#### TASK DIRECTIONS:
Please, without the pictures, retype exactly the lines from the start of the material through the line that holds "ベンチも外壁に合わせて一新！外壁塗装リフォーム|岩手県一関市".
[[ RECORDS SUPPLIED open ]]
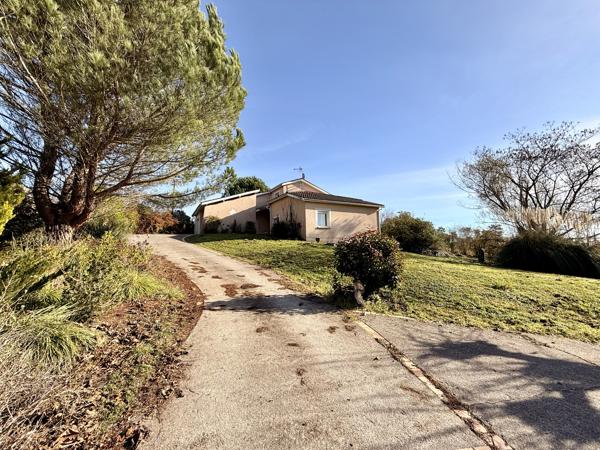 Coup de cœur – Villa avec piscine sur les hauteurs de Villeneuve-sur-Lo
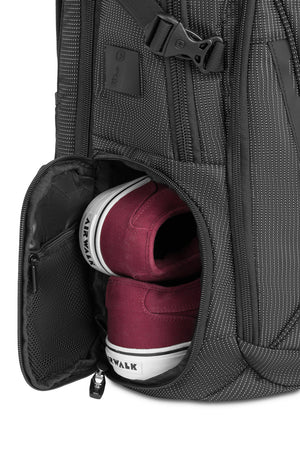 Sac à dos pour ordinateur portable SWISSGEAR Travel Tech Elite USB ScanSmart, noir/rouge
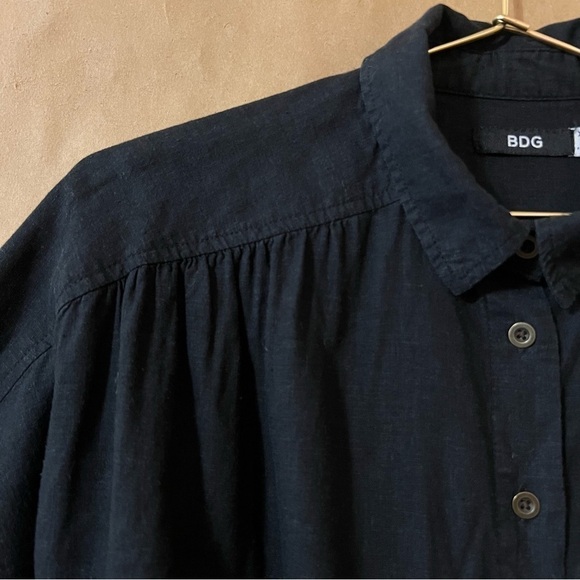 Urban Outfitters | BDG Linen Jena Tie-Front Blouse Button Crop Top Black Size XS - Picture 6 of 12
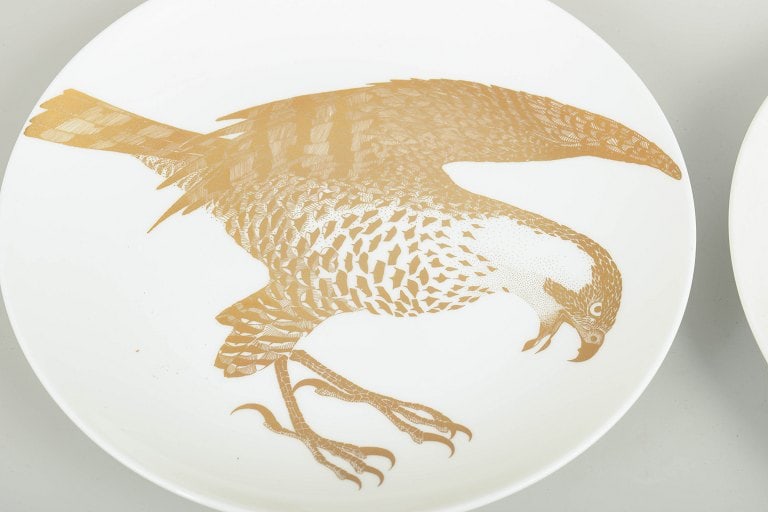 Paul Hoff for Gustavsberg, Sweden. Set of three porcelain plates decorated with bird motifs in gold. - 3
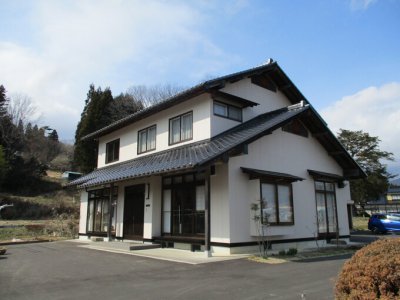 ベンチも外壁に合わせて一新！外壁塗装リフォーム|岩手県一関市
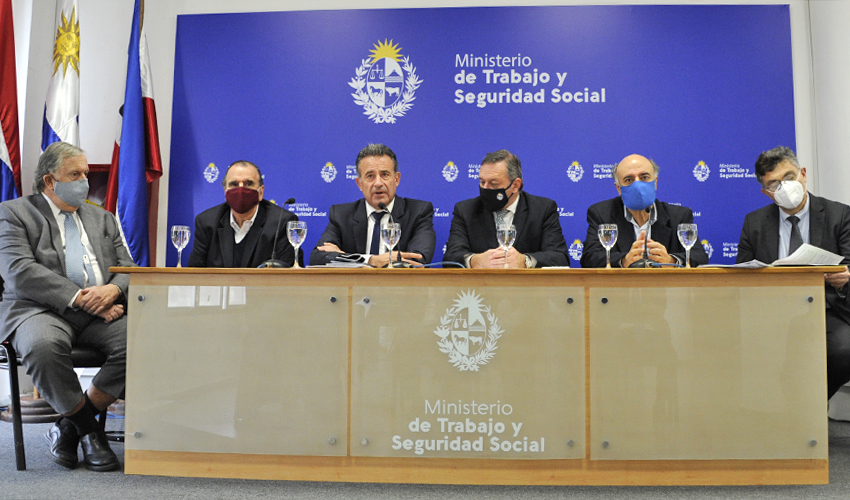 Ministro de Salud Pública, Daniel Salinas, hace uso de la palabra durante firma de protocolo sanitario para reapertura de shopping centers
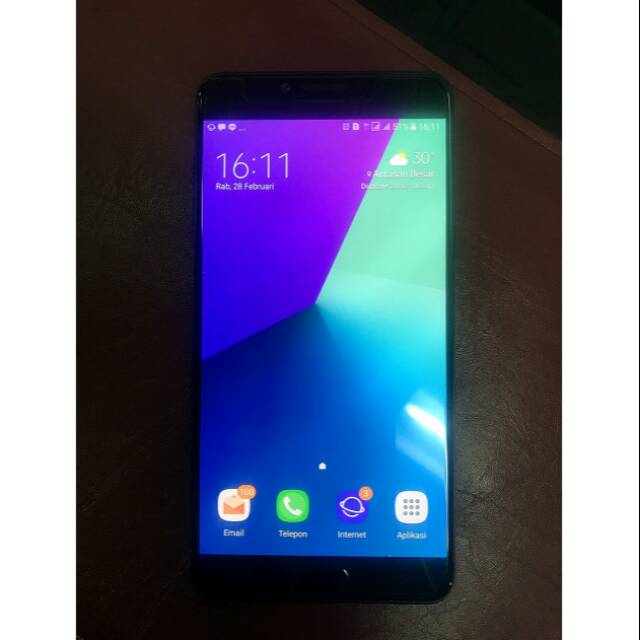 SAMSUNG C9 PRO (Black) second dijual cepat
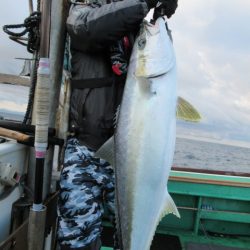 真祐丸 (しんゆうまる) 釣果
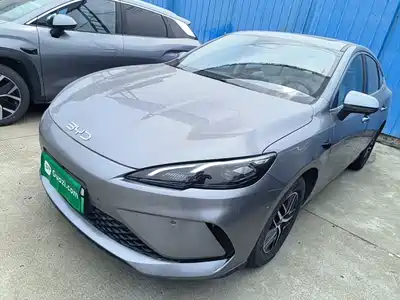 BYD Hai Bao 05 DM-i 2025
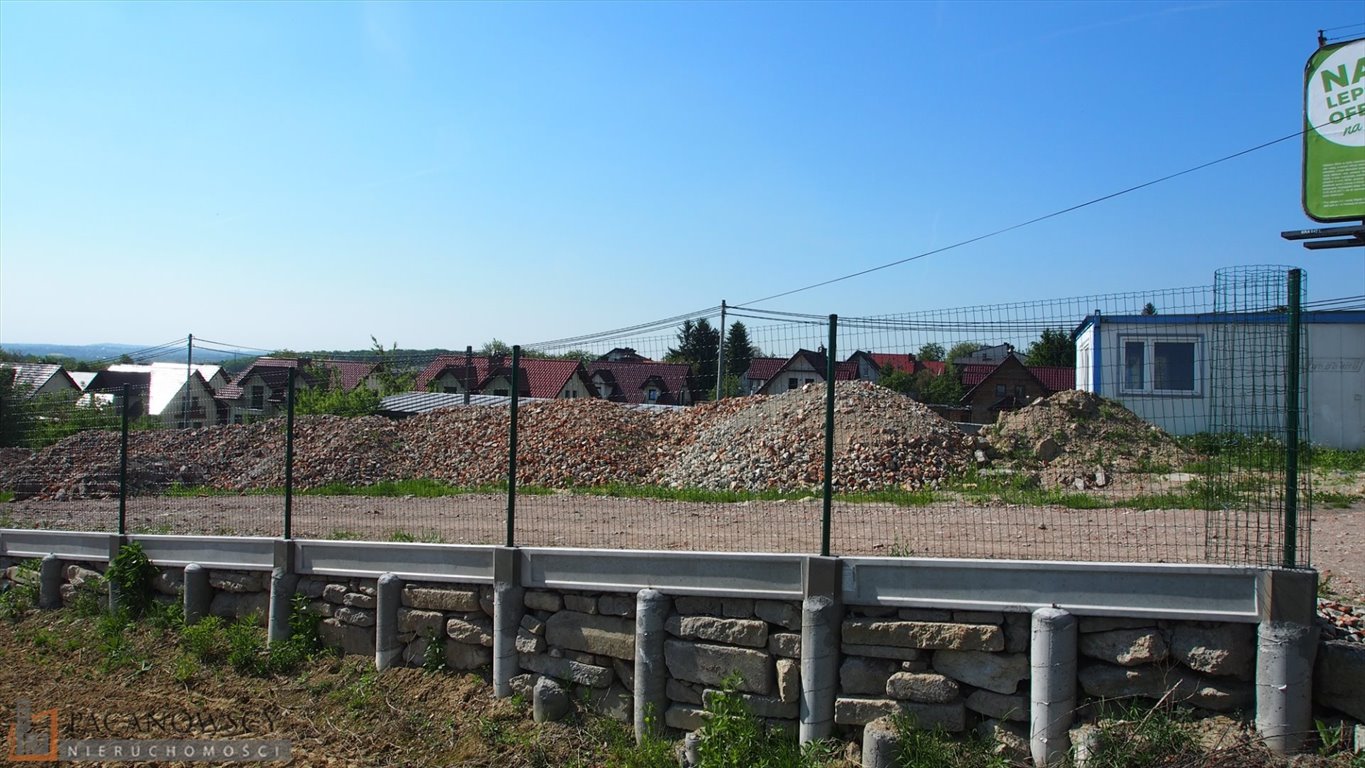 Działka 700 m² przy drodze E7 – idealna pod działalność Bibice  700m2 Foto 1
[[ RECORDS SUPPLIED closed ]]
#### EXPECTED OUTPUT:
 Coup de cœur – Villa avec piscine sur les hauteurs de Villeneuve-sur-Lo
 Sac à dos pour ordinateur portable SWISSGEAR Travel Tech Elite USB ScanSmart, noir/rouge
 Urban Outfitters | BDG Linen Jena Tie-Front Blouse Button Crop Top Black Size XS - Picture 6 of 12
 Paul Hoff for Gustavsberg, Sweden. Set of three porcelain plates decorated with bird motifs in gold. - 3
 ベンチも外壁に合わせて一新！外壁塗装リフォーム|岩手県一関市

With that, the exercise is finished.